T6286: Implement null tokens (#257)

* make log4shell src_data optional

* fix coerce_to_float error handling

* stop reporting drop not found

* fix fortune response for web

* add legacy token support

* add unit test coverage exclusions

* overwrite legacy type in SMTP tokens

canarytokens/channel_dns.py

@@ -204,6 +204,7 @@ def query(self, query: Query, src_ip: str):  # noqa C901
         log.info(f"handling query:  {query.name}")
         try:
             canarydrop, src_data = handle_query_name(query_name=query.name)
+            # import rpdb; rpdb.Rpdb().set_trace()
         except NoCanarytokenFound:
             log.info(f"Query: {query.name} does not match a token.")
             return defer.succeed(self._do_dynamic_response(name=query.name.name))
@@ -231,7 +232,7 @@ def query(self, query: Query, src_ip: str):  # noqa C901
 
         self.dispatch(canarydrop=canarydrop, token_hit=token_hit)
 
-        if IS_NX_DOMAIN:
+        if IS_NX_DOMAIN:  # pragma: no cover
             if canarydrop.type not in [TokenTypes.ADOBE_PDF, TokenTypes.SIGNED_EXE]:
                 log.info(
                     "Token {token} hit the NX domain and is not a pdf. TokenType: {token_type}",
@@ -241,11 +242,11 @@ def query(self, query: Query, src_ip: str):  # noqa C901
             return defer.fail(error.DomainError())
         return defer.succeed(self._do_dynamic_response(name=query.name.name))
 
-    def lookupCAA(self, name, timeout):
+    def lookupCAA(self, name, timeout):  # pragma: no cover
         """Respond with NXdomain to a -t CAA lookup."""
         return defer.fail(error.DomainError())
 
-    def lookupAllRecords(self, name, timeout):
+    def lookupAllRecords(self, name, timeout):  # pragma: no cover
         """Respond with error to a -t ANY lookup."""
         return defer.fail(error.DomainError())
 
@@ -335,5 +336,5 @@ def lookupAllRecords(self, name, timeout):
 
     #     return additional_report
 
-    def _handleMySqlErr(self, result):
+    def _handleMySqlErr(self, result):  # pragma: no cover
         log.error(f"Error dispatching MySQL alert: {result}")

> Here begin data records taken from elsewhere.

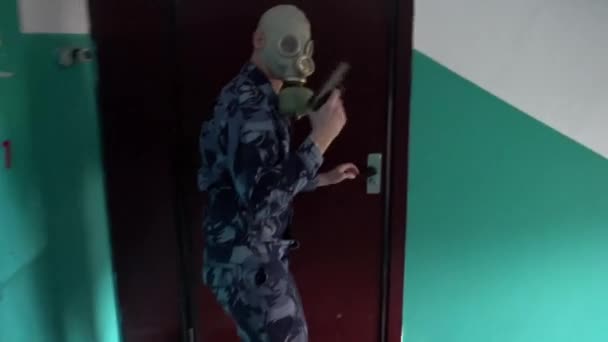 Wachmann in Militäruniform mit Gasmaske stürmt das Gebäude — Stockvideo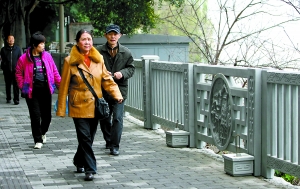 嘉滨路黄花园轻轨站旁，市民在新修复的人行步道上散步。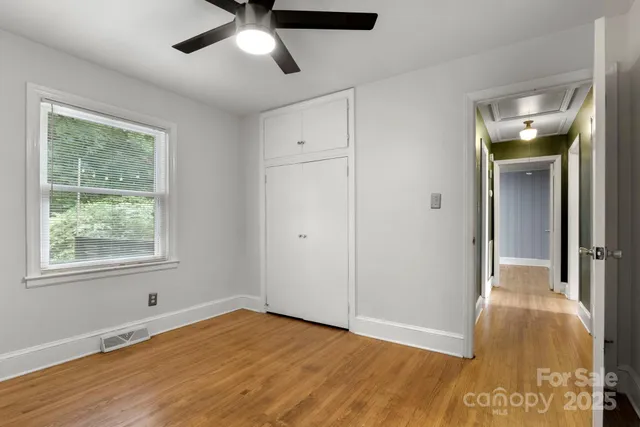 a view of an empty room with wooden floor and a window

canarytokens/channel_http.py

@@ -13,12 +13,12 @@
 from canarytokens import queries
 from canarytokens.channel import InputChannel
 from canarytokens.constants import INPUT_CHANNEL_HTTP
-from canarytokens.exceptions import NoCanarytokenFound
+from canarytokens.exceptions import NoCanarytokenFound, NoCanarytokenPresent
 from canarytokens.models import AnyTokenHit, TokenTypes
 from canarytokens.queries import get_canarydrop
 from canarytokens.settings import FrontendSettings, SwitchboardSettings
 from canarytokens.switchboard import Switchboard
-from canarytokens.tokens import Canarytoken
+from canarytokens.tokens import Canarytoken, GIF
 from canarytokens.utils import coerce_to_float
 
 log = Logger()
@@ -87,8 +87,15 @@ def render_GET(self, request: Request):
             log.info(
                 f"HTTP GET on path {request.path} did not correspond to a token. Error: {e}"
             )
-            return
-        canarydrop = get_canarydrop(canarytoken)
+            request.setHeader("Content-Type", "image/gif")
+            return GIF
+
+        try:
+            canarydrop = get_canarydrop(canarytoken)
+        except NoCanarytokenPresent as e:
+            log.info(f"Error: {e}")
+            request.setHeader("Content-Type", "image/gif")
+            return GIF
 
         handler = getattr(Canarytoken, f"_get_info_for_{canarydrop.type}")
         http_general_info, src_data = handler(request)
@@ -129,7 +136,12 @@ def render_POST(self, request: Request):
         except NoCanarytokenFound as e:
             log.error(f"Failed to get token from {request.path=}. Error: {e}")
             return b"failed"
-        canarydrop = get_canarydrop(canarytoken=token)
+
+        try:
+            canarydrop = get_canarydrop(token)
+        except NoCanarytokenPresent as e:
+            log.info(f"Canarydrop not found for token {token.value()}. Error: {e}")
+            return b"failed"
         # if key and token args are present, we are either:
         #    -posting browser info
         #    -getting an aws trigger (key == aws_s3)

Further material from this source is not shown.